## Exercise instructions
Copy, word for word, the lines below from the one containing "Harris Tweed 1950s Coat" up to and including the one containing "Producto - Mouse HBLtech HBL-M0201", with pictures left out.

---- Dataset records

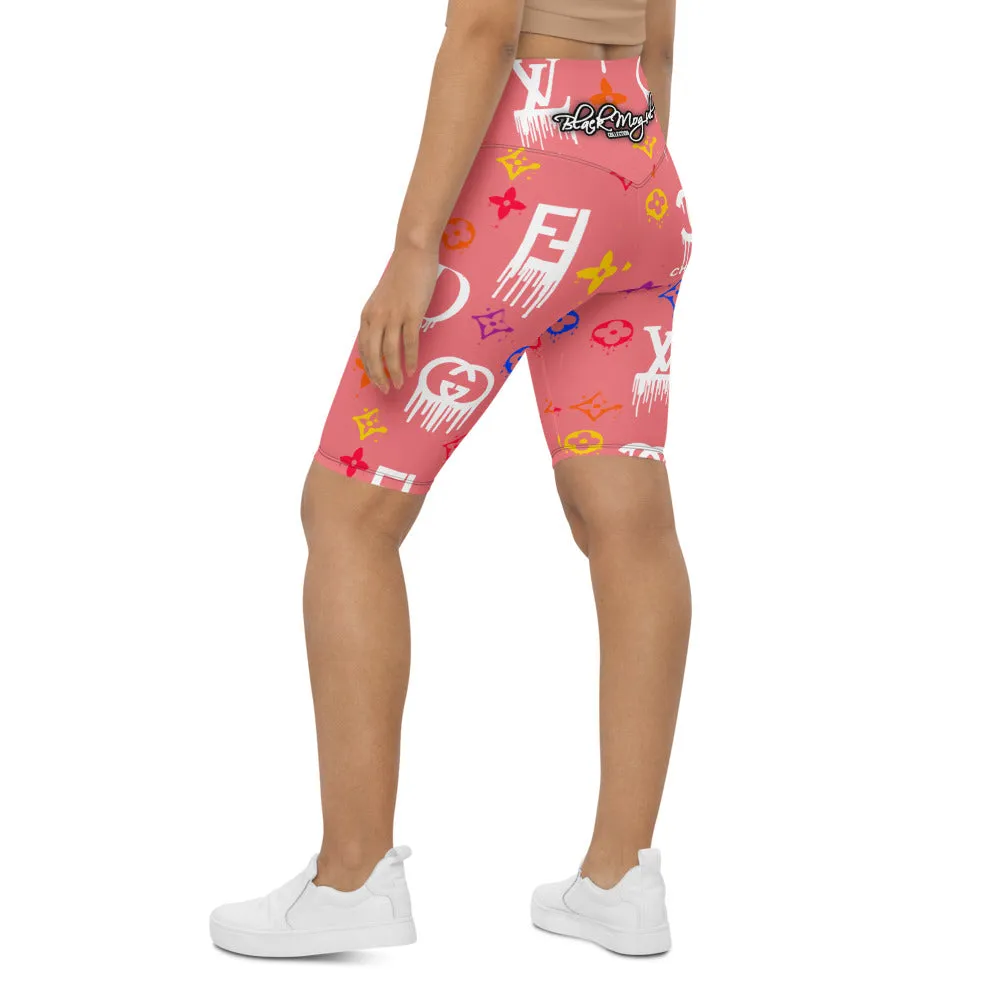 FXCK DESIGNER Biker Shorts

--------
---- Dataset records

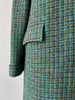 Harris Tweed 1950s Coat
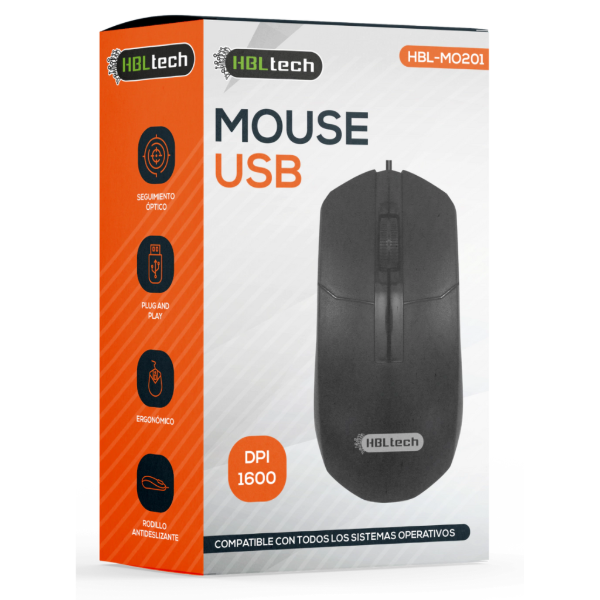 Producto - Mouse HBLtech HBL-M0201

--------

## Finished exercise
 Harris Tweed 1950s Coat
 Producto - Mouse HBLtech HBL-M0201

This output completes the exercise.